About one out of five FCS students was at Level 2, with about one in four at Level 3, and fewer than 1 in 10 at either a level 4 or 5.

“I can give you a thousand reasons why we didn’t perform as well as we expected,” said Franklin County School Principal Michael Sneed, in his remarks on the reading scores to the school board May 30.

The other scores, for reading, math and end-of-course exams at each grade level on up through the high school grades, have not yet been released. But it was clear from comments by Sneed and Superintendent Traci Moses that they were addressing the challenges as they affect the entire school population, and not just third graders.

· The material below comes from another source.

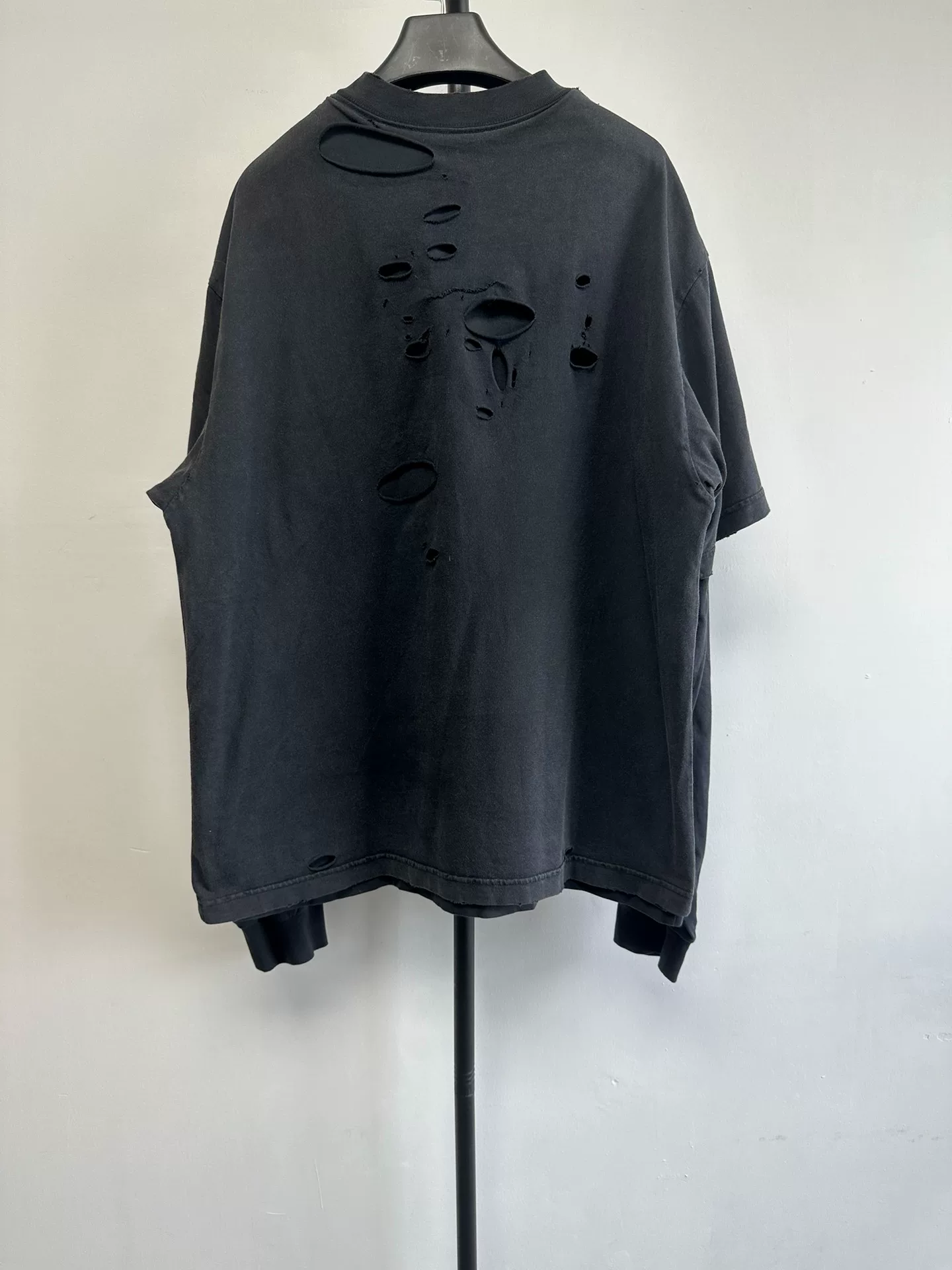 Balenciaga Oversized Distressed Long-Sleeve T-shirt — front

“I think our teachers fought the good fight and we have to do a better job with truancy, and doing a better job holding our parents accountable. It’s not going to change overnight; I wish it would,” said Sneed, noting that of the school’s third grade Level 1 students, half of them had unacceptably high levels of absences.

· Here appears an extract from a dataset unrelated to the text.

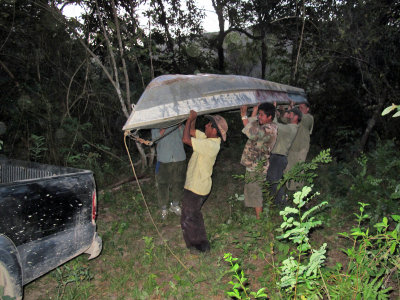 Hauling boat up slope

Acknowledging what he termed “incremental increases” in test performance, School Board Chair Stacy Kirvin calculated that if 17 third-graders had a total 340 absences during the school year, that would average to 20 absences within a 180-day school year.

“We have got to get those kids in class by whatever means necessary. We need the ones who are missing four and five days a semester,” Kirvin said.

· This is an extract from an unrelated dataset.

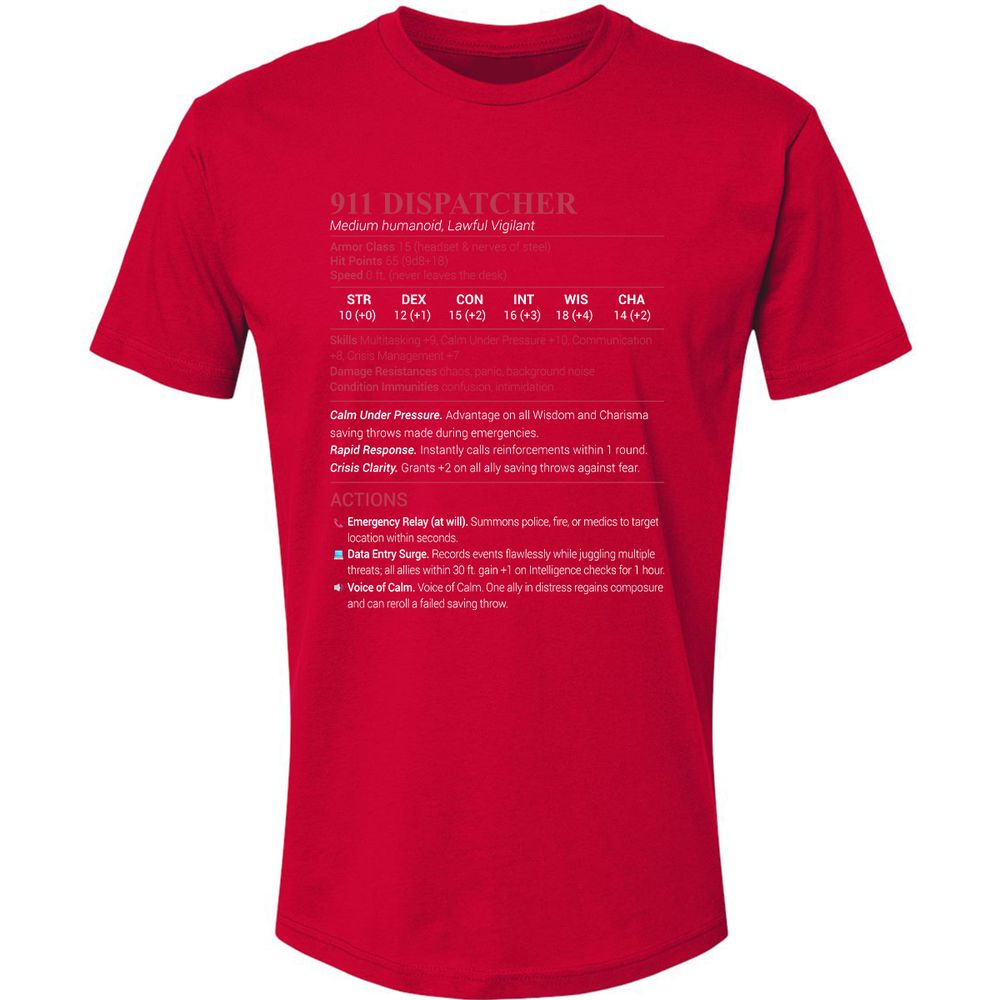 911 Dispatcher Premium Unisex T-Shirt - Red - 6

“We’re doing what we can do,” said Moses, whose administration has toughened up on addressing truancy and unexcused absenteeism through a strategy that ranges from home safety and wellness checks to court action against parents.

“We need them at school every single day,” she said.

Kirvin has been a proponent for offering summer remediation to third grade level 2s, as well as to those in the fifth and eighth grades who show signs they are well-behind in the subject matter as they prepare to advance to middle or high school.

He has consistently asked at monthly board meetings that these additional students be invited to and accommodated at the summer school.

In her report to the school board on the various summer offerings, which include June programs for ESE students, Kindergartners, and Credit Recovery, and a 10-day Algebra boot camp in July, Human Resource Director Karen Peddie indicated there were not sufficient teachers to address the 12 third grade Level 2 students.

“We’re talking about it but we’re not doing it,” said Kirvin. “I didn’t realize this was a problem.

“If my kid was a level 2 and they didn’t get remediation, I’d be very disappointed,” he said.

“You can’t make them come,” replied Moses.

“We can’t hold a camp if we don’t have the teachers,” said Peddie. “These were the only teachers that were interested.”

Kirvin suggested the district reach out to retired teachers, who would be paid an hourly rate at Step 10 on the salary schedule “There’s a whole bunch of retired teachers on St. George Island,” he said. “They want to help our school. We need one or two people to come in and teach for 16 days.”

The district proposed to look for additional help, but it was unclear whether level 2s could be accommodated this summer.

“We can’t force Level 2s to come,” said Peddie, noting that both food and transportation are provided, although not from door to door.

Following Sneed’s assessment, Moses stressed teamwork and accountability in her remarks, as well as the need for parents to get more fully involved in their child’s education.

“You have a team behind you,” she addressed to Sneed, as well as the several faculty members in the audience. “We’re all going to roll up our schools. We need parents and students to show accountability as well.

“We can’t do it by ourselves,” Moses said. “You have an administration that has a team mentality, we’re going to own this together. Nobody needs to point fingers at anybody.

“You have a team that’s going to support you and stand behind you,” Moses said. “Thank you all for your hard work; we have your back.

“We’re going to make Franklin County into one of the best school districts in Florida,” she said. “We have the talent in our students, we need the support. It’s not just a school issue, it’s a community issue.

“These students are our future leaders,” Moses said, citing the need for churches, civic organizations and individuals to all help.

“We have to figure out how to build that bridge to parents,” said Sneed. “We’re not doing enough.”